An email service for ~1.8B users handling ~1B incoming emails per day plus outgoing. The hard parts: an SMTP ingress that accepts mail from anyone on the public internet while rejecting terabytes of daily spam; a per-user mailbox store sharded across thousands of machines with search, labels, and conversation threading; and delivery reputation management so your outbound mail doesn't get marked spam by other providers. Gmail pioneered "search, don't sort" — replaced folders with labels + full-text search, which changed the email paradigm.

Time budget: 45 min whiteboard.
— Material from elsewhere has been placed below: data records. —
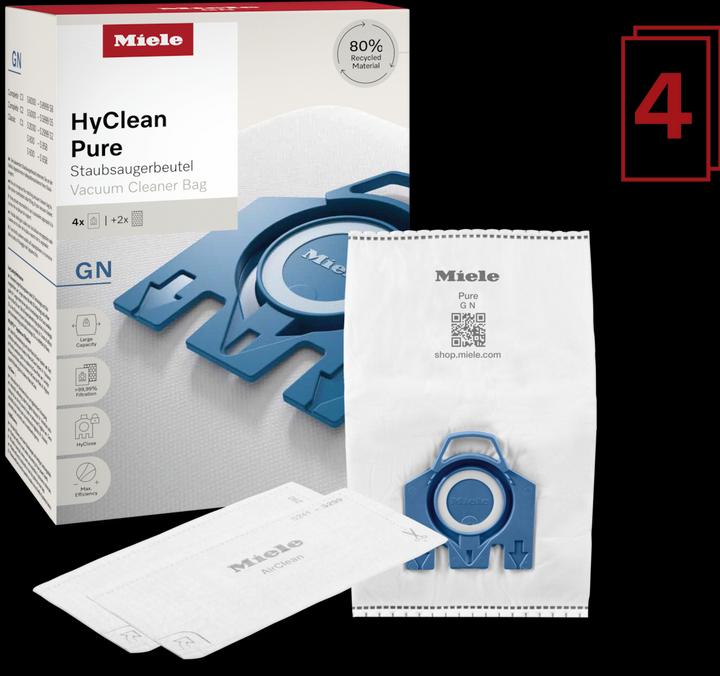 Image du produit Miele GN HyClean Pure (4 x)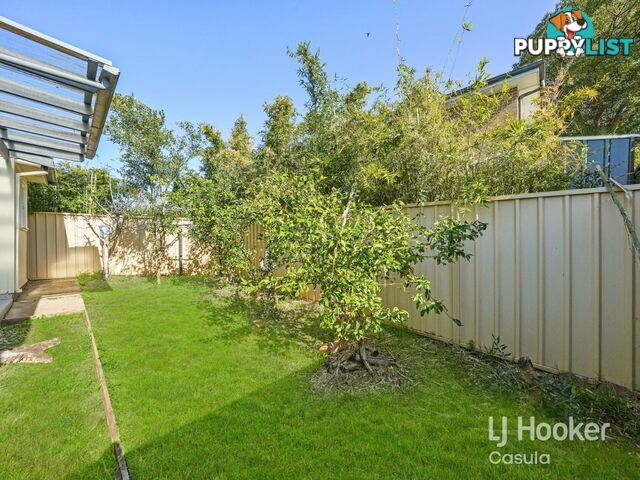 15A Canberra Avenue CASULA NSW 2170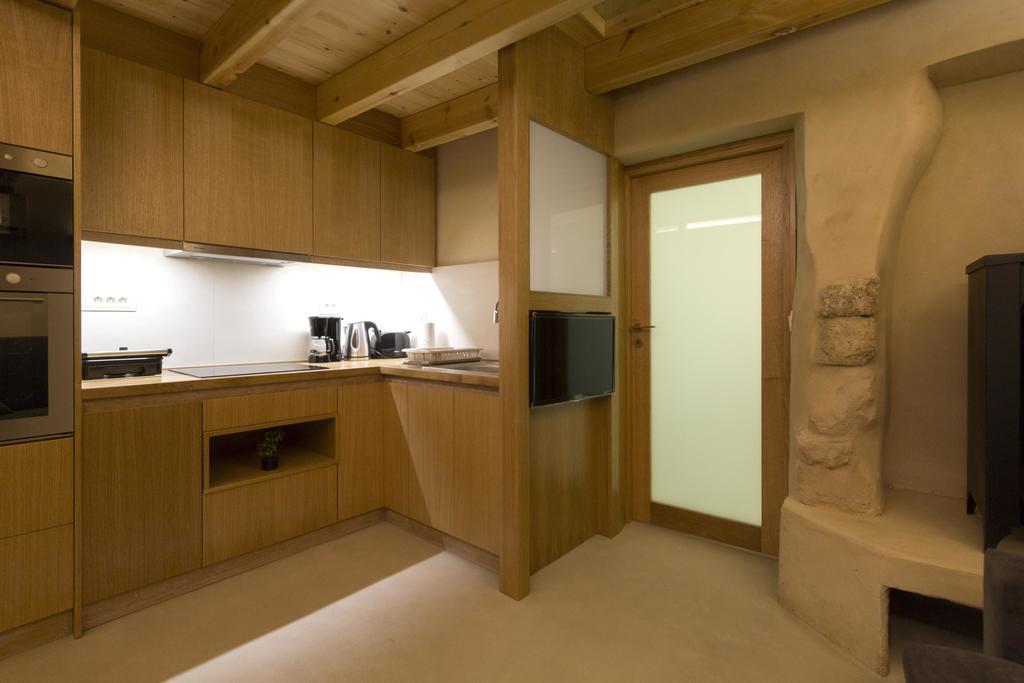 Evans House II Hriszí Aktí Haniá Kültér fotó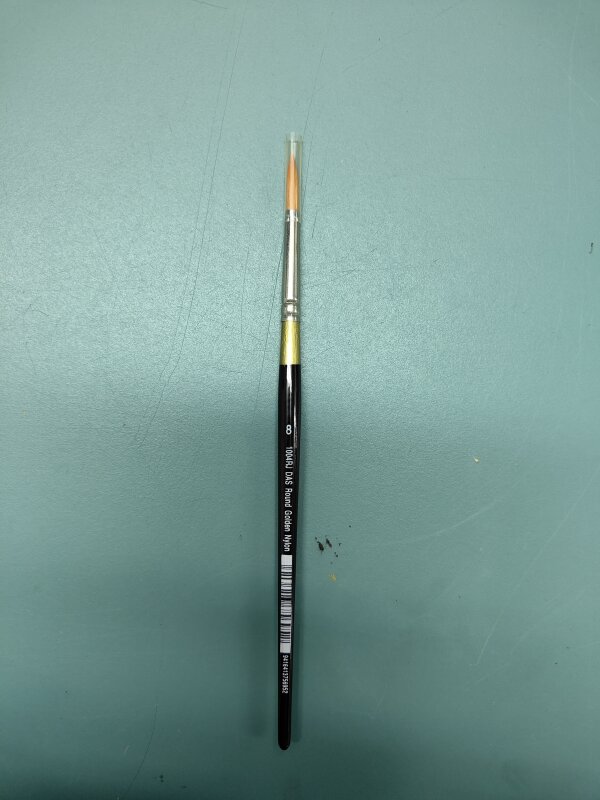 DAS S1004RJ GOLDEN NYLON ROUND #8
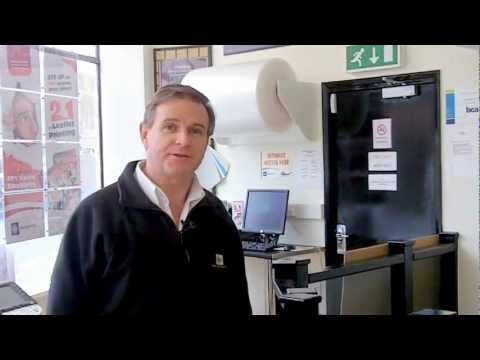 Excess Baggage shipping from MBE Ipswich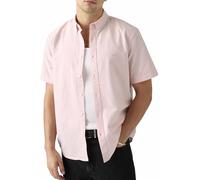 SS Authentic Button Down Au Naturel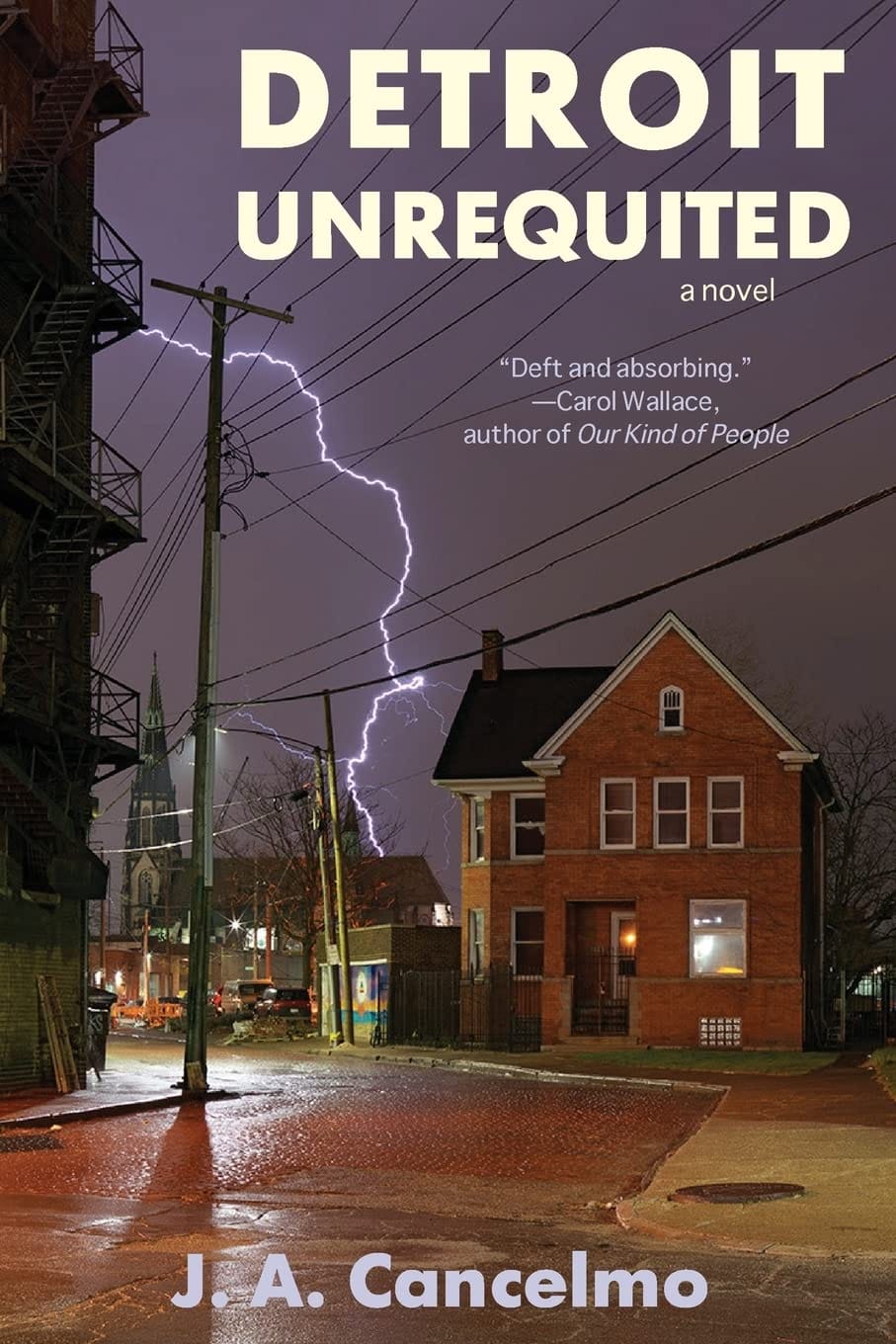 Detroit Unrequited: Excerpts and Context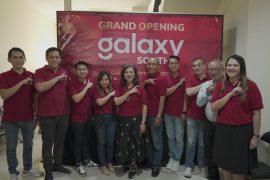 Galaxy buka satu kantor lagi di kawasan Surabaya Selatan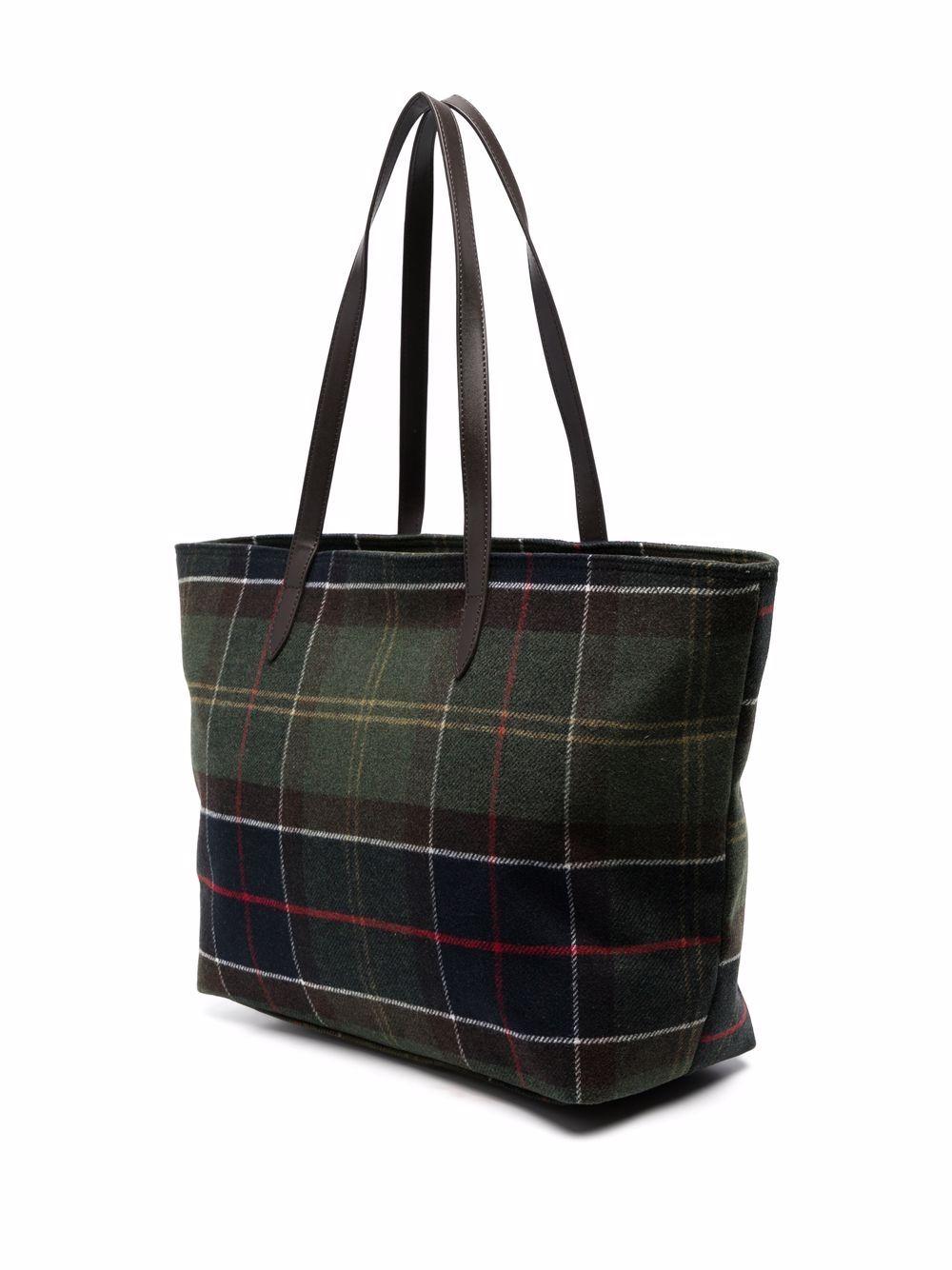 LBA0304 TN11 TARTAN BARBOUR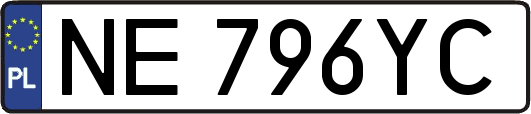 NE796YC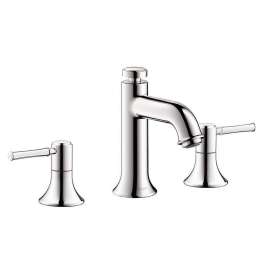 Talis C Widespread Bathroom Faucet With Lever Handle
Draw architecture, estimate numbers, discuss tradeoffs.

02

Hints (progressive — click to reveal)

Hint 1

SMTP is not HTTP. Many candidates model ingress as a REST endpoint. SMTP's temp-fail retry model is core; losing that means losing mail.

Hint 2

Spam is 40% of the story. Not an afterthought. DKIM/SPF/DMARC + ML + user feedback loop is the engineering mass of the inbound path.

Hint 3

Per-user sharding + labels + search. The "Gmail innovation" triangle. Don't present a folder-based model — mention labels + search explicitly.

03

Rubric — 10 points

  • +2 SMTP is not HTTP. Many candidates model ingress as a REST endpoint. SMTP's temp-fail retry model is core; losing that means losing mail.
  • +2 Spam is 40% of the story. Not an afterthought. DKIM/SPF/DMARC + ML + user feedback loop is the engineering mass of the inbound path.
  • +2 Per-user sharding + labels + search. The "Gmail innovation" triangle. Don't present a folder-based model — mention labels + search explicitly.
  • +2 Threading is subtle. In-Reply-To + References + subject-similarity fallback. Mention all three.
  • +2 Outbound reputation matters as much as inbound filtering. Gmail's deliverability is a product feature. Don't forget to architect the send side.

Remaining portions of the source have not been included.